At the beginning of the 2019-20 school year, Cravens received a fourth round of ESSA Title IV, Part A funding to add more IHT ZONE wrist heart rate monitors to Irving ISD’s wellness curriculum. The federal funding enables Cravens to build on a physical education curriculum focused around heart rate.
Each of Irving ISD’s eight middle schools has at least 80 IHT ZONEs. Students share the monitors throughout the day. New this year, two high schools are receiving ZONEs for the first time as the program expands beyond middle school.
“When I sat down with the director in charge of federal funds for the first time, I walked him through our proposal,” Cravens, Irving’s Health and Physical Education Coordinator, said. “After that, we are just building on the same proposal. I don’t have to come up with something completely new every year.”
Connecting Students to the Benefits of Physical Activity
Irving’s middle schools began using the ZONE monitors during the 2017-18 school year. Most teachers have learned what works best to help students form a connection to their physical fitness that goes beyond simply participating in class to earn a grade.
“We refer to the wall banner a lot, asking students where they think they should be and why,” Cravens said. “That’s really taking it to a higher level for the students. We’re giving them a connection to physical activity for a reason other than a grade commensurate to health.”
Since introducing the technology, Cravens has seen positive changes in student motivation. Students are:
- motivated to get moving quickly,
- motivated to get into their target heart rate zones, and
- motivated to meet the daily goal for minutes spent exercising there.
Teachers spend less time getting students organized and on task, which enables them to observe students more closely and have more meaningful conversations either during or following each session.

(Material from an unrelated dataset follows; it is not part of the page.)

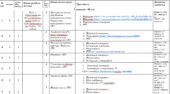 КТП для 6 класу математика 6год/тиждень по Мерзляку з д/з, посиланнями на відеоуроки, ІВ, типи контролю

“Students are seeing that connection in real-time rather than just a blind, general encouragement,” Cravens said. “There are much more to the conversations between student and teacher now.”
Expanding Heart Rate Training into Irving’s Elementary, High Schools
By expanding the program into the high school level, Cravens satisfies the original ESSA requirement that funding must be used for new programs. She presented Natividad with a detailed plan prior to receiving her latest round of ESSA funding.
“We’ve changed our parameters a little bit,” she said. “I submitted a few bullet points as part of a new proposal . We are expecting to see the same health benefits we see at the middle school level. We just needed to detail the new plan for high school use.”
Singley Academy and Cardwell Prep, two of the district’s high schools, will also use the ZONEs during PE classes, and Cravens hope to see a similar understanding by students of how heart rate impacts fitness and well-being.
This year’s expansion also includes John Haley Elementary School, where a research study will measure the impact the heart rate monitors have on students who wear them throughout the day.
Cravens said it became essential to her that Irving continue on the same path to student wellness that she began with her first proposal to purchase IHT’s heart rate technology. Three years and four successful ESSA funding requests later, she likes the progress that’s being made.
“Students are learning to self-manage their activities to give their best effort, and teachers are learning to let go a little bit and trust that students will be okay,” Cravens said. “With the middle schools, we are using the monitors every day on every campus. I was visiting classes and saw students moving, working hard and feeling good. All of our teachers have a system in place.”
With those results, Cravens feels confident that the semester and year-end reports she gets from her teachers will show how students have improved their fitness as well. That, she says, keeps her motivated to request more funding so the district can reach more students.
“I don’t want to reinvent the wheel,” Cravens said. “He understands what we are doing with the money and knows that we are using it wisely.”